13Si, comme l’illustre la figure 3, on tient compte d’autres facteurs tels la proportion de la population active qui est assurée, les impôts, les coûts du travail, etc., on trouve que le taux de subvention implicite ainsi calculé est tout d’abord passé de 20 % en 1971 à 330 % en 1972 au Québec. En Ontario, toutefois, en raison de taux de chômage régionaux plus faibles, cette montée n’a pas dépassé les 230 %. L’accroissement des taux de subvention implicites de l’assurance-chômage est donc en mesure d’expliquer en partie à la fois la montée des taux de chômage au Québec et en Ontario dans les années soixante-dix et le fait que la détérioration ait été plus prononcée au Québec.
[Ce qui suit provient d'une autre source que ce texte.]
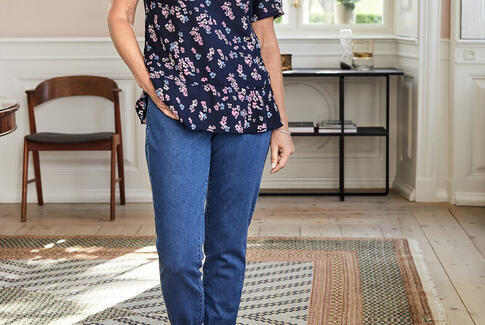 Modeopvisning på Birkebo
Par la suite, le taux de subvention implicite a évolué selon la formule d’indexation des prestations, les taux de chômage régionaux et selon les amendements apportés à la loi. Alors que la formule d’indexation et les taux de chômage régionaux ont pu contribuer à expliquer la hausse du taux de subvention implicite dans les années qui ont suivi la période d’inflation de 1979-19801, puis la récession de 1981-1982, les amendements apportés à la loi ont été de nature plutôt restrictive. En 1990, finalement, comme l’indique la figure 3, le gouvernement fédéral adoptait une loi qui réduisait à 109 % le taux de subvention implicite dans le cas du Québec.
Figure 3. Taux de subvention implicite à l’emploi instable1 par le régime d’assurance-chômage canadien, moyenne des régions du Québec, 1966-1990 (pourcentages)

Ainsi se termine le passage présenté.